Could not find the disk /Volumes/MacintoshHD

You missed the space between the backslash and the "HD". Normally a space is a special separator character so the backslash basically tells bash that the space following the backslash is meant to be part of the same option/entity which in this case is a path. Without the backslash, the space indicates to bash that another option for the command is present.

https://linuxhint.com/deal-spaces-file-path-linux/

[-bash-3.2# diskutil secureErase 4 "/Volumes/Macintosh HD"

A whole disk must be specified when doing secureErase without the

"freespace" option; if you need to wipe a single partition, you must

use diskutil zeroDisk or diskutil randomDisk but you will subsequently

need to reformat (newfs) the partition with "diskutil eraseVolume"

[-bash-3.2#

I was wondering about this command requiring the whole drive. Seems the whole drive must be erased when performing the secure erase unless choosing the erase free space option. Like I mentioned earlier, very few people on these forums tend to use some of these less used and more obscure options and the Apple documentation is not always clear.

Remove the drive, secure erase on a system that is not going to fight you about using a level 4 erase, then put the drive back.

Then use Internet Recovery mode to install a clean macOS version.

I won't dissuade you from using Terminal if you wish. Considering your goal is assured data destruction, you won't be risking anything.

The Shift-Option-Command-R startup key chord will allow you to use the version of Terminal that came with that Mac back in 2012, considering subsequent versions of diskutil have eliminated certain options.

man diskutil and scroll to the end for its (recent) history.

I would be remiss if I did not point out the NOTE in its description of secureErase — not that it applies in your case, since your concern is magnetic media. I point it out only for readers who may run across this Discussion years from now, when hard disk drives are relegated to the ash heap of computing history... where they belong.

And, yes, I could just remove the hard drive and hammer it into oblivion, but that's not what I wish to do.

I prefer a similar technique, performed at a safe distance.

Is simply re-installing MacOS Catalina (over-writing the current MacOS operating system) sufficient considering the fact this system is operating off of an SSD?
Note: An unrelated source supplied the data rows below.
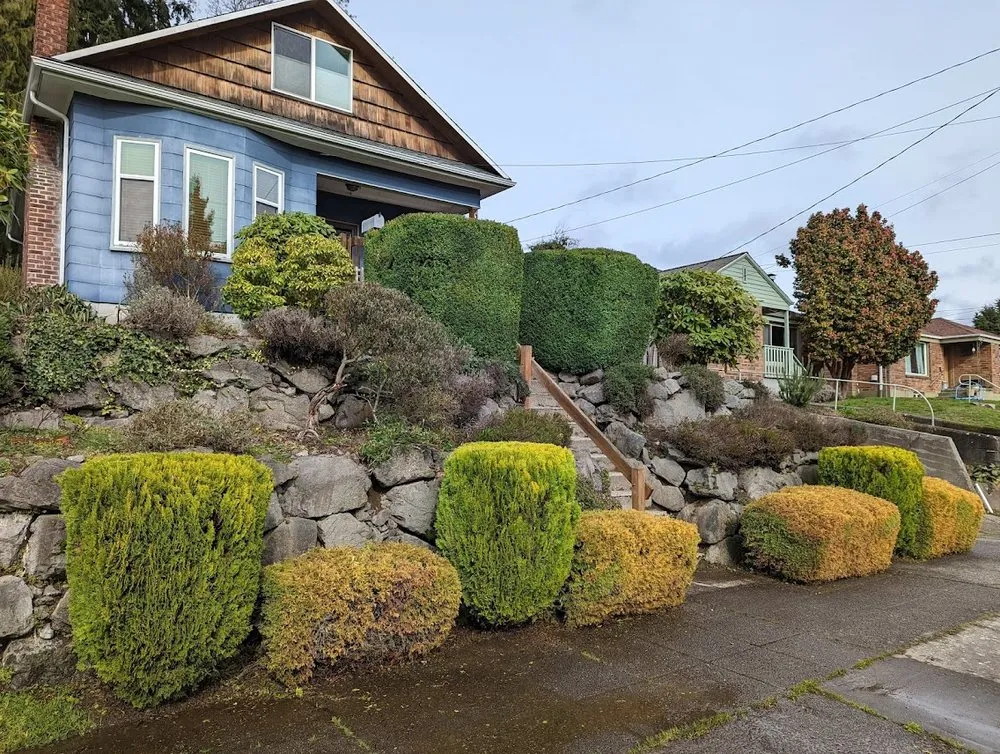 Trusted yard maintenance in Shoreline, WA by Ballinger Landscaping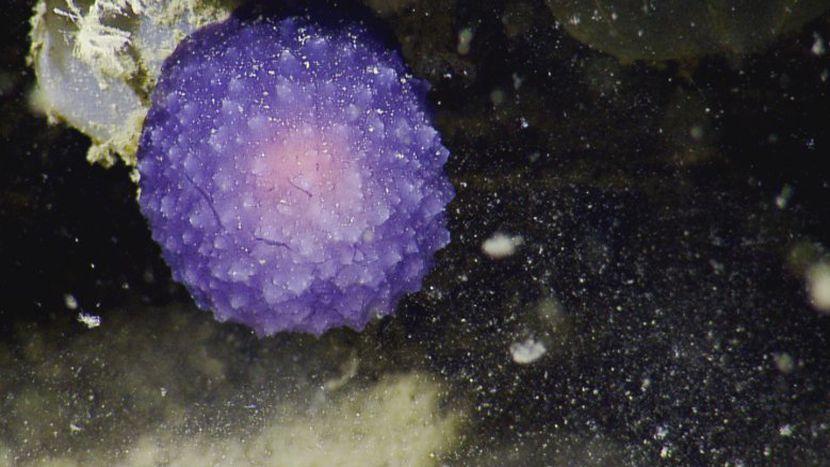 Blue Purple Sphere Logo - Explorers spot mysterious purple orb on ocean floor - CNET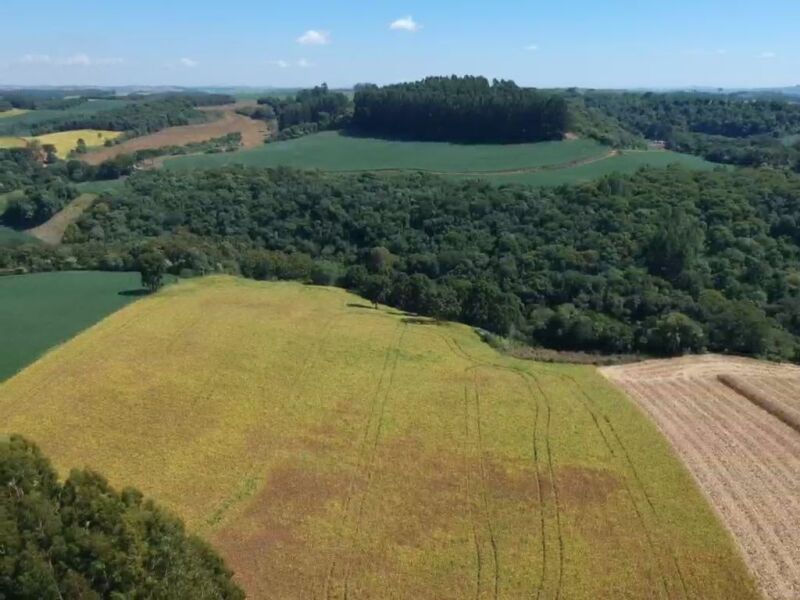 Lote 008 Os Direitos e Ações da Fração Ideal de 8.410,71m² Sobre o Lote Rural Nº 178, com Área Total — foto 5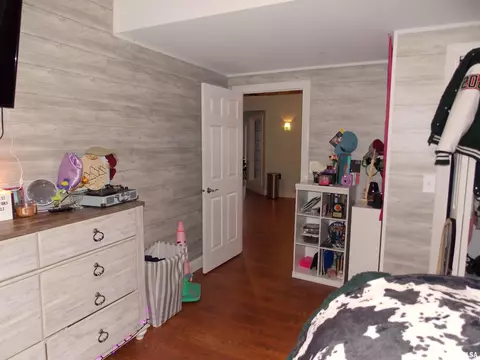 3255 Glacier Ln, Centralia, IL 62801 photo 59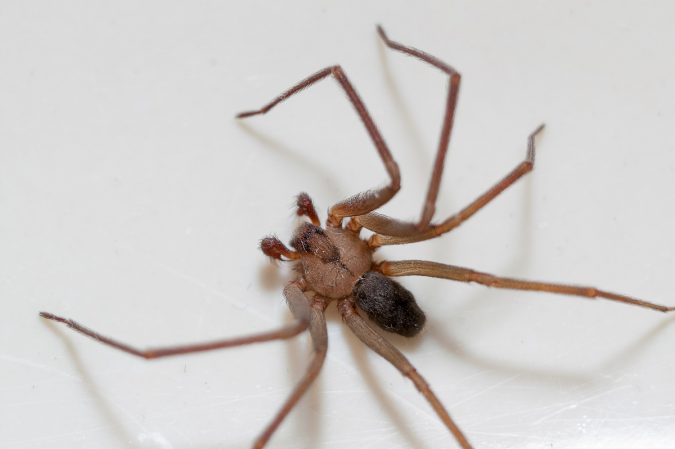 Spider Bites Read This Before You Shriek For Help Health News Hub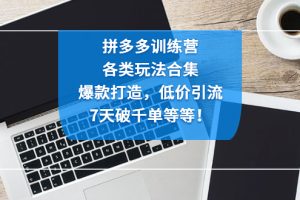 【副业4167期】拼多多店铺运营：爆款打造，低价引流，7天破千单，拼多多训练营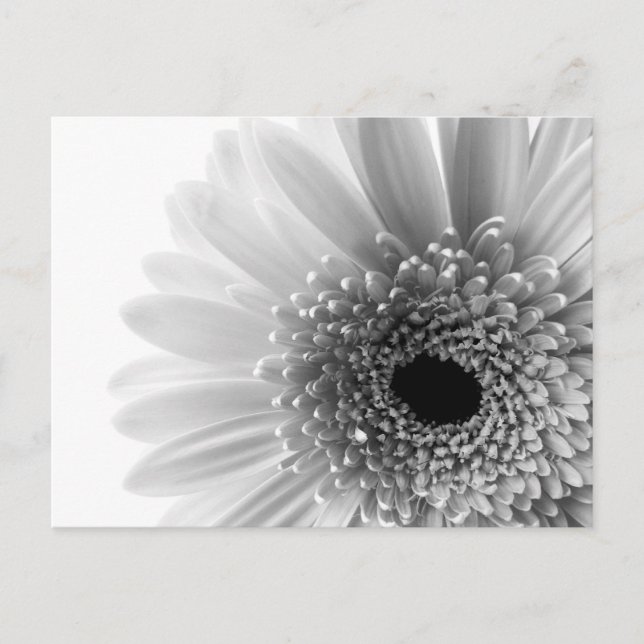 Blume Postkarte (Vorderseite)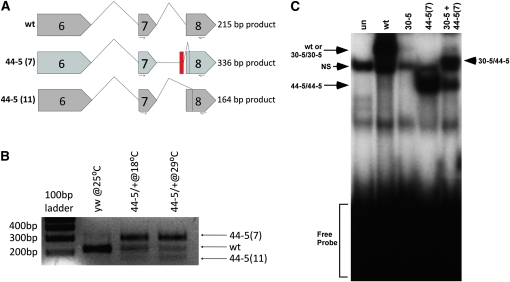 Figure 5.—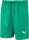 LIGA Shorts Core Jr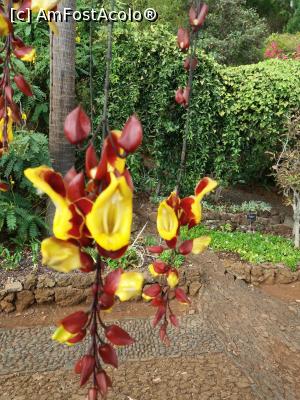 [P40] in gradina botanica » foto by pmanuela
 - 
<span class="allrVoted glyphicon glyphicon-heart hidden" id="av1137533"></span>
<a class="m-l-10 hidden" id="sv1137533" onclick="voting_Foto_DelVot(,1137533,4289)" role="button">șterge vot <span class="glyphicon glyphicon-remove"></span></a>
<a id="v91137533" class=" c-red"  onclick="voting_Foto_SetVot(1137533)" role="button"><span class="glyphicon glyphicon-heart-empty"></span> <b>LIKE</b> = Votează poza</a> <img class="hidden"  id="f1137533W9" src="/imagini/loader.gif" border="0" /><span class="AjErrMes hidden" id="e1137533ErM"></span>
Follow What to do before you sell, give away, or trade in your Mac - Apple Support.

We have come full circle.

It is also possible the hard drive for a 2012 computer is worn out and failing which is why it may be taking longer to complete each pass.

If you just want to perform a secure erase and don't require multiple passes, then how about booting from a Knoppix LInux USB stick and utilizing the hard drive's built-in hardware secure erase feature? For a hard drive, this built-in hardware secure erase feature does nothing more than write zeroes to the entire drive, but it may perform a bit faster than manually writing zeroes to the drive through software. This is also the best way to securely erase an SSD without causing undue wear to the SSD, plus it may fix some SSD issues since an SSD's built-in hardware secure erase feature also resets an SSD to factory defaults.

https://ata.wiki.kernel.org/index.php/ATA_Secure_Erase

Of course @John Galt's suggestion for encrypting the drive first followed by a simple erase is problem the best & easiest option for most people. Keep in mind that Apple is removing features from macOS with the secure erase feature being one of them which was removed from the Disk Utility GUI since it would wear out SSDs, but the feature still remains within the command line version of "diskutil" although I have never used it.